Procedentes de la misma escena escandinava que produciría algunas de las propuestas más innovadoras del hardcore europeo, Breach nunca mostró interés por la velocidad constante ni por las estructuras convencionales. En “It’s Me God” las canciones avanzan como organismos impredecibles, alternando pasajes de tensión sofocante, explosiones de violencia sonora y momentos de inquietante calma. Cada cambio parece diseñado para mantener al oyente permanentemente fuera de equilibrio.
La interpretación vocal de Tomas Liljedahl resulta fundamental para el impacto del álbum. Sus gritos no funcionan simplemente como vehículo de agresividad; transmiten desesperación, paranoia y una intensidad emocional que convierte cada canción en una experiencia física. A su alrededor, las guitarras construyen paisajes densos y angulares que deben tanto al noise rock como al hardcore más abrasivo.
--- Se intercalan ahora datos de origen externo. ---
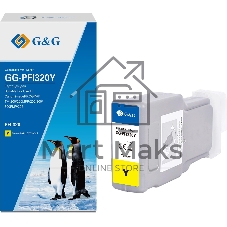 Картридж струйный G&G GG-PFI320Y (PFI-320Y) желтый (300 мл) для Canon imagePROGRAF TM-200/200MFP/205/300/300MFP/305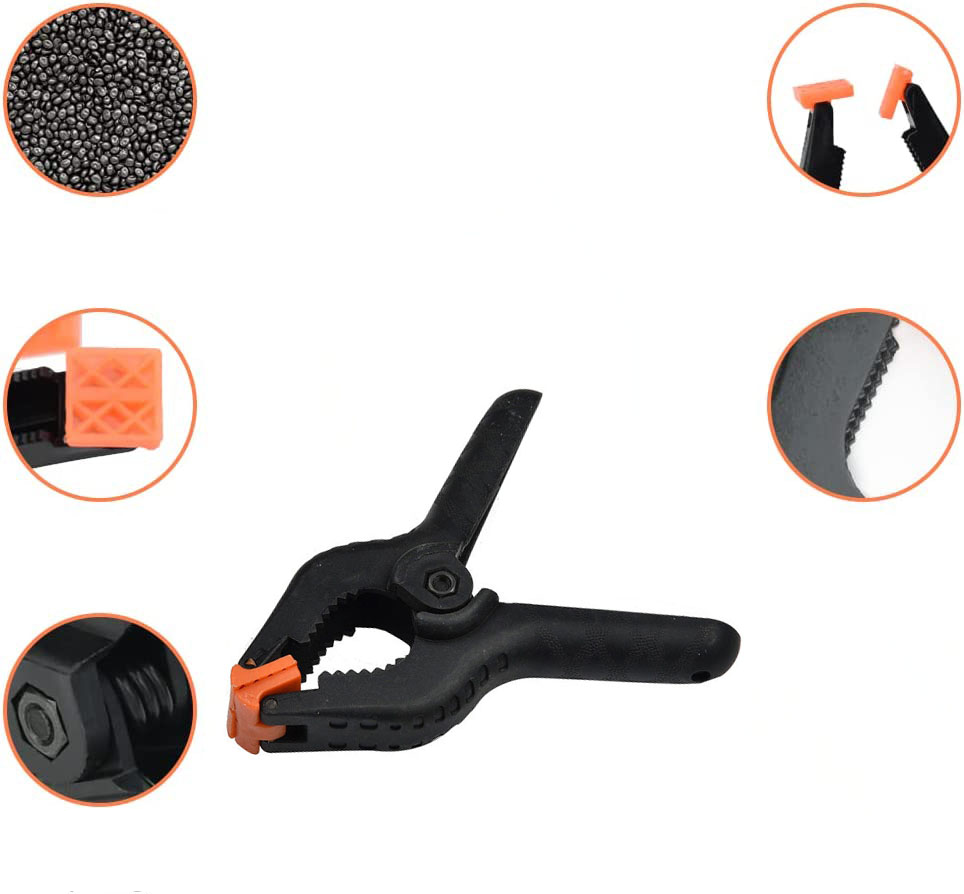 (8er Set) 11cm Universal Federklemme Einhand Zange Heimwerker Zwinge - Schwarz / Orange
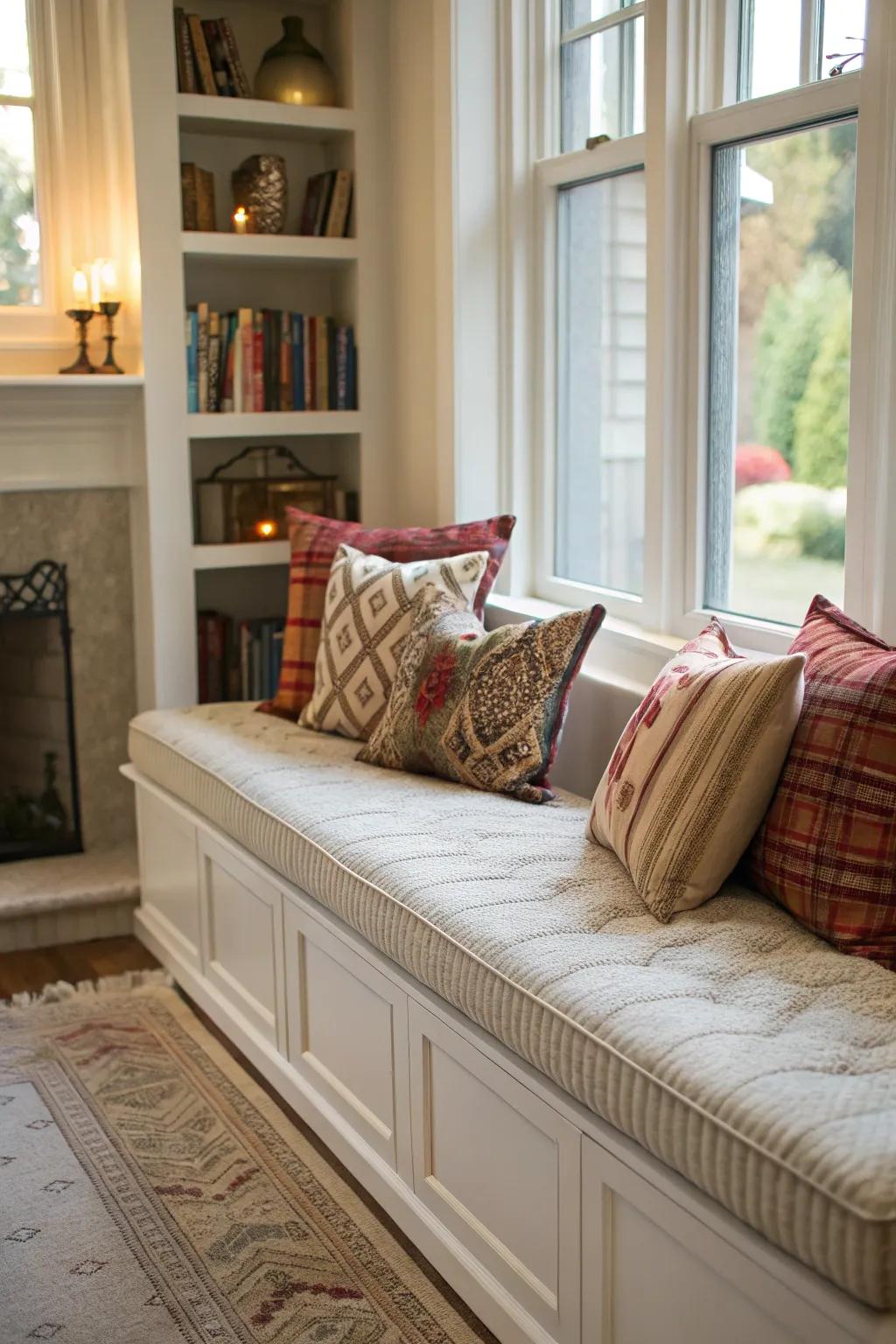 Scatter cushions add charm and comfort to any bench arrangement.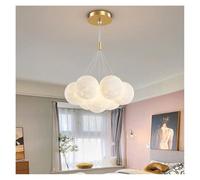 Lámpara de Techo, Nordic Bubble Ball LED Pendant Light Modern Hanging Chandelier for Living Dining Room Office Bedroom Home Decor(Neutral,B Gold 7light 15cm)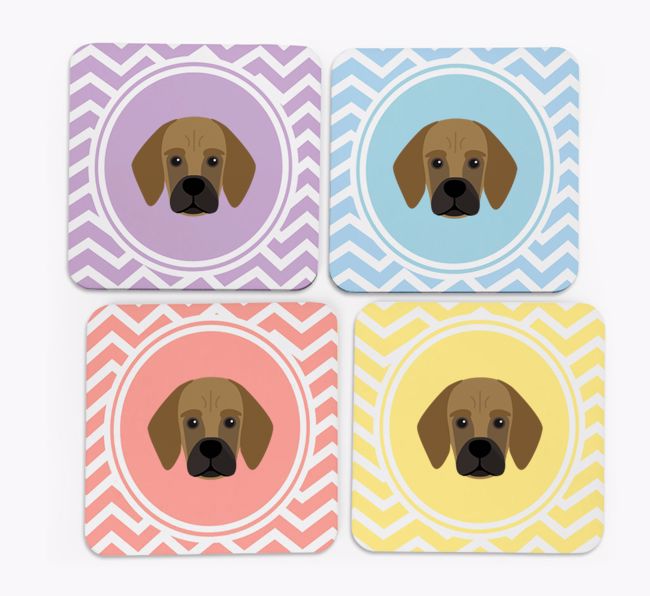 Zig Zag Design with {breedFullName} Icon Coasters - Set of 4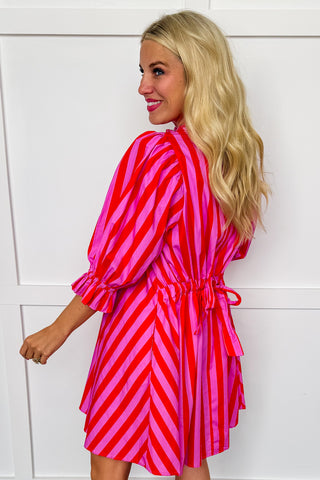 Stripe Me Pretty Dress in Pink & Red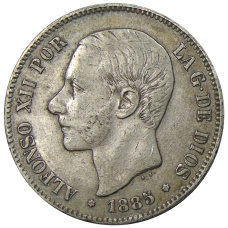 Монета 5 песет 1885(87) года Испания (аверс)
Temas como “Murder”, “Replenish Me”, “Broken Hands” o “Old Ass Player” muestran a una banda capaz de generar una tensión extraordinaria sin recurrir a fórmulas previsibles. Los riffs aparecen y desaparecen, los ritmos se transforman constantemente y la sensación general es la de asistir a un derrumbe cuidadosamente controlado. Lo que en manos de otros grupos podría sonar caótico, aquí adquiere una lógica interna fascinante.
Escuchado hoy, resulta evidente hasta qué punto el disco anticipó desarrollos posteriores dentro del hardcore y el metal experimental. La influencia de Breach puede rastrearse en numerosas bandas de post-metal, sludge, metalcore caótico y hardcore atmosférico surgidas durante las décadas siguientes. Su capacidad para combinar brutalidad, textura y experimentación sigue siendo extraordinaria.
Aunque a menudo queda eclipsado por trabajos posteriores como Kollapse, muchos seguidores consideran “It’s Me God” el punto donde la identidad artística de Breach cristalizó por completo. Un álbum incómodo, exigente y profundamente absorbente que recompensa cada nueva escucha con nuevos detalles y matices.
Más de veinticinco años después de su publicación, sigue sonando desafiante y contemporáneo. Una obra esencial para entender la evolución más aventurera del hardcore europeo y uno de los discos más intensos e innovadores surgidos de la escena sueca de los noventa.